You ought to be grateful that the thing exists at all to begin with. Billions of dollars were spent just to get here, with many, many big failures along the way (including some people who have died during the experimental phases.)
Even if we exclude all of that, you have to think about what it takes just to execute this treatment on just one person: They have to customize the vector's (a virus) genome to fit the patients genome, and then they have to produce millions of them. If it's not done right, it can kill the patient.
Besides, people are speculating that this will be the price based on what it takes to do this; they haven't actually announced any price.
Greed indeed.
Normally I'd think that setting a price on some good or service would factor in things like the cost of producing it, reasonable return to the provider, and liability in case things go wrong. But here we see that the price depends on how much the customer stands to gain from using the product. So it's a case of controlling the supply to raise the price. That is greed.

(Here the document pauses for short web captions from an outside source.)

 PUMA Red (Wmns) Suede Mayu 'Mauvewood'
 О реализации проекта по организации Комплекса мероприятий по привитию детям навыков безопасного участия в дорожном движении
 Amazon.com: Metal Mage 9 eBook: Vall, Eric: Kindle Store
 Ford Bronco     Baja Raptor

http://www.sciencealert.com/first-fda-gene-therapy-inherited-disease-childhood-blindness
You might want to have your sarcasm detector checked.... jeeeeeesh...
We used to have a Bill of Rights. Now, with the rights gone, all we have left is the bill.

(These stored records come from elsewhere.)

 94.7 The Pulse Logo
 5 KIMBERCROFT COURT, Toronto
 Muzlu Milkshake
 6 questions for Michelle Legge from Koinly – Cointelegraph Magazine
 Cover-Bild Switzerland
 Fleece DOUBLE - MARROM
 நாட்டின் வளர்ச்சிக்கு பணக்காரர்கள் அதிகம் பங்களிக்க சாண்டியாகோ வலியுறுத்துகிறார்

This solution only works for a very particular kind of childhood blindness. It doesn't affect many people, which is one reason it has to be so expensive. All the R&D money that would normally have been recouped from tens of thousands of patients (or more) has to be recouped from a few hundred. It's hardly greed to not want to lose money on a breakthrough therapy, especially for a disease that had no treatments before this.
Examine even your most deeply held beliefs. Nobody is always right.
The total cost isn't likely to be much different in other places, but the proportion paid by the individual (or their family, since it's a degenerative disease and early treatment is best) will definitely vary by country.
Examine even your most deeply held beliefs. Nobody is always right.